6 canonical problems.
One closed-form problem per equation in the corpus, each with a board-sourced citation chain and a locally-verified numerical answer. The board is asked for the formula and the primary-source references — never for the number. The number comes from a real CAS (sympy + mpmath + python-flint).
The v5 protocol
Language models recall formulas reliably and cite primary sources cleanly. They do not do precise arithmetic — a pendulum period calculation that requires transcendentals can be off by parts in 10⁵ from run to run on the same prompt. The protocol therefore treats the board as a formula and citation source, and runs the actual math locally with deterministic tools.
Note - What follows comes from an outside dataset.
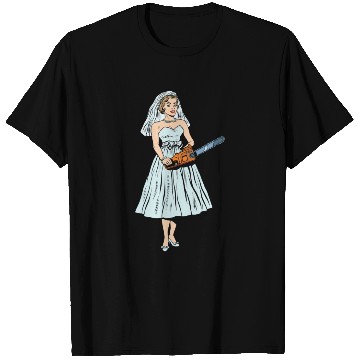 Discover Chainsaw Bride Chainsaw Vintage T Shirts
The board's best-effort value_attempt is still captured in the ledger as capability data on when LLMs can and can't do math, but it is never load-bearing.
The four checks
Symbolic equivalence
The board's formula must collapse to zero against the architect's local formula under a canonicalization pipeline — rational normalization, trig and power simplification, polynomial remainder, and a discriminating random-point evaluation that deliberately avoids branch cuts and singularities.
Property-based sampling
Hypothesis-style stratified sampling across orders of magnitude for every declared variable, with boundary cases injected (min, max, zero, unity, near-singularity) and a reproducible seed logged in the ledger. 200 samples in Phase 12; power analysis drives the number toward 10,000 in Phase 13+.
High-precision fragility
mpmath at 50 decimal places compared against sympy at 15 digits — this is explicitly labeled a within-sympy fragility check, not an independent cross-CAS check, because mpmath is sympy's own numerical backend.
python-flint interval
The genuinely orthogonal numeric engine: Arb-based ball arithmetic that shares no code with sympy. Phase 12 is best-effort with graceful skip; Phase 13+ makes it a hard requirement.